Lucas missed the opportunity to tell a real story of a descent into evil. He could have created a Jedi order where the dark side was always present, always being played with by disobedient apprentices. The way normal teens are. Anakin could have had his own grand vision of how to make the galaxy better, not the muddled brief lines he says. Lucas could have studied better real men who became evil, or #2 evils, and their paths to it.

Instead he picks the plot that he does it for love. Problem is, due to poor acting and directing and dialogue, it's a love the audience doesn't believe in. Ditto for Padme dying of a broken heart, again it's a broken heart we don't believe in. Instead should should have died from complications from a crushed trachea. (I guess she couldn't name the kids if she were on a respirator.)

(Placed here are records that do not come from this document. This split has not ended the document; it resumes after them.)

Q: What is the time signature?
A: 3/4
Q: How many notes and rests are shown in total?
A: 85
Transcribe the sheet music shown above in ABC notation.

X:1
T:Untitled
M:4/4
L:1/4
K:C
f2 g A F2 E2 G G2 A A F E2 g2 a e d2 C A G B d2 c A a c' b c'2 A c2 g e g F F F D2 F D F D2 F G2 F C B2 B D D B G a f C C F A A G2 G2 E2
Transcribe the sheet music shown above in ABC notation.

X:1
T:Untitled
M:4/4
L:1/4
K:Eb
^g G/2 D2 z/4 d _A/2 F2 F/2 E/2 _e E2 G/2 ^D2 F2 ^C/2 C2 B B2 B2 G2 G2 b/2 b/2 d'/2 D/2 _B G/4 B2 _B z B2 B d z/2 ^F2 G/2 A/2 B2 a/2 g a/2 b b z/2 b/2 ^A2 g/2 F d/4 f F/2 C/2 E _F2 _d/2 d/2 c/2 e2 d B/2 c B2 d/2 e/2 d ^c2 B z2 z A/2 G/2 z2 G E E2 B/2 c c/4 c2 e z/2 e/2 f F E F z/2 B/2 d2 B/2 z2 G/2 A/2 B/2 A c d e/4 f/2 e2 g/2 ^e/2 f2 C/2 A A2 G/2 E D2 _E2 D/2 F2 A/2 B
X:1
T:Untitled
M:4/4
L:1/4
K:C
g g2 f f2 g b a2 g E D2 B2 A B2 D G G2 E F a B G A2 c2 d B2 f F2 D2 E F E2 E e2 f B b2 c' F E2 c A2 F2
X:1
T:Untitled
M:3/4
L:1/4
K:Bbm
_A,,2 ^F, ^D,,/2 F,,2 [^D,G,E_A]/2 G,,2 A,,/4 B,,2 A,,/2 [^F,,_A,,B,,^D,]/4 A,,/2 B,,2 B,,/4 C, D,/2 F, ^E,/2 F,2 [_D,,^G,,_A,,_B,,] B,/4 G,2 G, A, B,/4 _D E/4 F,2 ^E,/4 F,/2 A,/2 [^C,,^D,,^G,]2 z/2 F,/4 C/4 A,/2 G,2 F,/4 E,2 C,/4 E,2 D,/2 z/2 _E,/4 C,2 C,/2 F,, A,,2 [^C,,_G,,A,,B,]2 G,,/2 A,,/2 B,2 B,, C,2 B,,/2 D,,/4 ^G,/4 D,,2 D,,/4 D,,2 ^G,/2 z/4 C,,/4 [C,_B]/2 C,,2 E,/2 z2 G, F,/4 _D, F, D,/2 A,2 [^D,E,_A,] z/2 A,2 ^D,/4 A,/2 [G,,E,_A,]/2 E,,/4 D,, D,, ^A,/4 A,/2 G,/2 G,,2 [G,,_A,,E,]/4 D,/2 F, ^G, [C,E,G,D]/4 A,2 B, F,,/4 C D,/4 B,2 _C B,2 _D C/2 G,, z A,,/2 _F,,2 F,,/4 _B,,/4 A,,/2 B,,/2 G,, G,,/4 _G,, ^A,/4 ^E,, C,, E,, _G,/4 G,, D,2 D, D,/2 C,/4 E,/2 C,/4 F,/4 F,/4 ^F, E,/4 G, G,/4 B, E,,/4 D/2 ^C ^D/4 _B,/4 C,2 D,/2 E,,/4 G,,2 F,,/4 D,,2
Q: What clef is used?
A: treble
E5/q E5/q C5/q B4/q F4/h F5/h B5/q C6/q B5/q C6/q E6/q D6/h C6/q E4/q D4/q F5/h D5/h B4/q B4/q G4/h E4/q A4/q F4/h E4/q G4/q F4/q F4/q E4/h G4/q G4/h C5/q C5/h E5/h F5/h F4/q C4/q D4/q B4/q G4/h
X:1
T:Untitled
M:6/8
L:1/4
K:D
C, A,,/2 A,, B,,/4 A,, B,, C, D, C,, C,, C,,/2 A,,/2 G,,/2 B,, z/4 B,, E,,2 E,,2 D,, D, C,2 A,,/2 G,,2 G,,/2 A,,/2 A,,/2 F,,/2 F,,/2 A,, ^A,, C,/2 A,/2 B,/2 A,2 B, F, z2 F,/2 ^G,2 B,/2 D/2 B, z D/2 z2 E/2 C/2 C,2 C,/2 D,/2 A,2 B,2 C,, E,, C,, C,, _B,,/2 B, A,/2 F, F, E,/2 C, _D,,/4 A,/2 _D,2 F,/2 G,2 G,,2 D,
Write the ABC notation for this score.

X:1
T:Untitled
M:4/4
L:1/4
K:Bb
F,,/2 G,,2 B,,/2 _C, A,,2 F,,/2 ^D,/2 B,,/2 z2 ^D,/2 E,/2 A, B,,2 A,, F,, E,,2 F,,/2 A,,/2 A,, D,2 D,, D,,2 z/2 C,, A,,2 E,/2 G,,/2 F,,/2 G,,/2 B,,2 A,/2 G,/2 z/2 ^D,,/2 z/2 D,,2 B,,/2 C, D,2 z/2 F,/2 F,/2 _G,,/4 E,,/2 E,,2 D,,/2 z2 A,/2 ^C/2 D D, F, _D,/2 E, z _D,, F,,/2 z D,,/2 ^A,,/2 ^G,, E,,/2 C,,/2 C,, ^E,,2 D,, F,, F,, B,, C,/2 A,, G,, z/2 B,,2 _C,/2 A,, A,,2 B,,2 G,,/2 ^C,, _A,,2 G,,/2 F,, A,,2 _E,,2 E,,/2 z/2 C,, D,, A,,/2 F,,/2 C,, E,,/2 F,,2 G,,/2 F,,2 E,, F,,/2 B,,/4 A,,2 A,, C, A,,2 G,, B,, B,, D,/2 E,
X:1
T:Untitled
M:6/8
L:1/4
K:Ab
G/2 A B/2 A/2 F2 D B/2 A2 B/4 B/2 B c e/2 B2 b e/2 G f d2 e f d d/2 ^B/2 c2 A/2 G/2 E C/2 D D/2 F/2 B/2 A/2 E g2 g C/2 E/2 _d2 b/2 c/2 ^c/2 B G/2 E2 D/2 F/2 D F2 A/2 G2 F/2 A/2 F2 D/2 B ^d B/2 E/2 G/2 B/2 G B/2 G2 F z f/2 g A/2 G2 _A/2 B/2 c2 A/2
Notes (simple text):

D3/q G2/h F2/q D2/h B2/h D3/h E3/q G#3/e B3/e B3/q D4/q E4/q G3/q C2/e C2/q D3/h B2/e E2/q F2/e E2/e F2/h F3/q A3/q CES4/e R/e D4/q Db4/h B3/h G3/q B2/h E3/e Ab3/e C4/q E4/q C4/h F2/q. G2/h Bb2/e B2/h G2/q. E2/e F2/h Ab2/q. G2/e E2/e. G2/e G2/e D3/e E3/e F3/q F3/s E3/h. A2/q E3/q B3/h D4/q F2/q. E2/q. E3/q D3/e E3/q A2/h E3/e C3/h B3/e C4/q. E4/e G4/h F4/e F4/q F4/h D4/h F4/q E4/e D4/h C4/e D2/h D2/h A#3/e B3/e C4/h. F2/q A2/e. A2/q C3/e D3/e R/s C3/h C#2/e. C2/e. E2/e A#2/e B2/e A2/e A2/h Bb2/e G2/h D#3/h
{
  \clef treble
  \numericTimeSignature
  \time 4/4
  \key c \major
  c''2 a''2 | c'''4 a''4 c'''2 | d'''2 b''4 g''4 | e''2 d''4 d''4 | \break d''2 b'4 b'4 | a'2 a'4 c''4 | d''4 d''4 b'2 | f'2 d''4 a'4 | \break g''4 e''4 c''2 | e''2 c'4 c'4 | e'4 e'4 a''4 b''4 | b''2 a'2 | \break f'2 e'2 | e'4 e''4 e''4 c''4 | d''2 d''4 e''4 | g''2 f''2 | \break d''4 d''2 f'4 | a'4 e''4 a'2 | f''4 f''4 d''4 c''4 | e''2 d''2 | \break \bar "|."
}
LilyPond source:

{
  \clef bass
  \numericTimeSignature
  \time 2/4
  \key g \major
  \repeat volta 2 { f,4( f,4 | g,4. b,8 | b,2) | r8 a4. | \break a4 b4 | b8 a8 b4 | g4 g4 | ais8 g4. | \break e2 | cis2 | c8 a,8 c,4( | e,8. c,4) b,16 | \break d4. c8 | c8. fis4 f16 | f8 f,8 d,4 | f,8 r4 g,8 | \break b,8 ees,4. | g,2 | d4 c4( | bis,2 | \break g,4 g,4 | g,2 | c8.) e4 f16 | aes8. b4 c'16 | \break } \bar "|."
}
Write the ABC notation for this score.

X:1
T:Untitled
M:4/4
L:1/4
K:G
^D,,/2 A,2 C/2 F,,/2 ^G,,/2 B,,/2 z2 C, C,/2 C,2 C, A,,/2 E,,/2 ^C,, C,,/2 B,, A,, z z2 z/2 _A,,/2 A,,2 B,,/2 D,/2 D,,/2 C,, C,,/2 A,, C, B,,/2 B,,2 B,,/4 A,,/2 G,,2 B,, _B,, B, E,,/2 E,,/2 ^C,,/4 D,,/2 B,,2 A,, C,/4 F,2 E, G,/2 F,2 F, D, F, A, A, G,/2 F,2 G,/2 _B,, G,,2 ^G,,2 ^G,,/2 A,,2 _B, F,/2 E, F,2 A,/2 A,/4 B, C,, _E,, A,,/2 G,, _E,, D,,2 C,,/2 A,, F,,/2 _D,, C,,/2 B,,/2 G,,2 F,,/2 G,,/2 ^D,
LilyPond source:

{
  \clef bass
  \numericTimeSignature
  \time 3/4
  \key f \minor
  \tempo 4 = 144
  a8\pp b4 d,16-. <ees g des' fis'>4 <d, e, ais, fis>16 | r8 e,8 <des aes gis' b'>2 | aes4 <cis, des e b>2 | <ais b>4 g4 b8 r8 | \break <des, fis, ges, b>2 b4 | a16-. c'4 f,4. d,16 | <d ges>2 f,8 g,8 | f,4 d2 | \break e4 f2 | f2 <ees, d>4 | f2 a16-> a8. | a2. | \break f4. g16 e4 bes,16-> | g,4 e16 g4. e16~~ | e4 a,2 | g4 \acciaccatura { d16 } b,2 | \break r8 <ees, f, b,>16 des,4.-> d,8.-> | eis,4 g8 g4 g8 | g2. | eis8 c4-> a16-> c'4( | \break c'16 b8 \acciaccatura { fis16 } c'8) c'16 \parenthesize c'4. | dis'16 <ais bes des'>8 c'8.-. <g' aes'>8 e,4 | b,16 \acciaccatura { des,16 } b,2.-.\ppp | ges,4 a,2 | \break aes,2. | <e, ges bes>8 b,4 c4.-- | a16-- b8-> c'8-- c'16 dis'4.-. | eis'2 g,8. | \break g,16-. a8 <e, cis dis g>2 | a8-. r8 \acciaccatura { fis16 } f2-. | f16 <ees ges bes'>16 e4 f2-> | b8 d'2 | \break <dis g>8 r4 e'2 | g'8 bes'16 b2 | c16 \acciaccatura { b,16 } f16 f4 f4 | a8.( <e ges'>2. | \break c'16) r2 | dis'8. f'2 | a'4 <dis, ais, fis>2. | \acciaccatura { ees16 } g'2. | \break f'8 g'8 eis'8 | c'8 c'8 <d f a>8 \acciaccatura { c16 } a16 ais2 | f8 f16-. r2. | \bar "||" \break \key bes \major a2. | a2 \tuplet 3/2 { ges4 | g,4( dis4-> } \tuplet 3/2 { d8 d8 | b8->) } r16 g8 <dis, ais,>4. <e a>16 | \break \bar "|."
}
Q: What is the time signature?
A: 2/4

No, more naked ambition, and a lot more cunning would have made sense. And it would have been much easier if the Jedi and even the Republic weren't painted so well.

We learn of the Jedi from Obiwan and Yoda, its last two members. There's no reason that their version should not have been shown to be as distorted as their lie that Vader killed Anakin. I would have loved to have seen a much more morally ambiguous Jedi. They had great power, they should have been a bit or even a lot corrupt. The Jedi's own lack of corruption made them boring. Look at Samuel L. Jackson in a Tarantino flick and compare him to Mace Windu. Windu is one-dimensional, and we know the actor is capable of more.

Thousands of systems were leaving the Republic, and we're never told more than hints as to why, other than the manipulation of Darth Sidious. I barely understand why succession is something that deserves military response within nations, but it makes no sense if whole planets don't want to be part of a just government for it to go and force them to stay in. Tyrants usually arise because people feel they were a better choice than what came before. So why not make the Republic more evil, and the Jedi more corrupt. Then Vader's fall makes a lot more sense. Then throw in the mind control to take him to the next level of slaughtering innocent children coldly.

Of course the Jedi are arrogant. It seems crazy that they would accept this freshly delivered Clone Army that arrives just when they need it, ordered by a dead Jedi who told them nothing about it, cloned from a bounty hunter working for the Sith. Hello? Yes, they needed the soldiers to save them in the arena, but after that, they should have been freed. The immorality of this cloned army is staggering. That the Jedi agreed to lead it makes no sense. Moral as they claim to be, it would have been better to allow succession than to use it -- even without worries about secret agendas and hidden orders.

This would have been a good moral question to play with. The Jedi should have fallen for this arrogance and abandonment of principles.

Lucas didn't use my ending, but his ending was also good. I proposed that the best ending line would be "Did you hear that, they've shut down the main reactor? We're doomed!" which is the first line of the original movie. Tradition in serials was each episode showed a bit of the start of the next. The recreation of that scene (perhaps even a bit further to the never directly seen recording of "Help me Obiwan Kenobi, you're my only hope") would have left the audience cheering at the end. But the recreation of the double-sun scene was also powerful.

Of course, these movies were full of giant plot holes. We started in Episode 1 with the entire plot hinging on Qui-Gonn's inability, even with Jedi powers, to convince somebody on the entire planet of Tatooine to do some currency exchange with Republic credits. On a planet full of black markets! And many more like it. But these complaints above are not simply about plot holes, but about missed opportunities to do an even better story.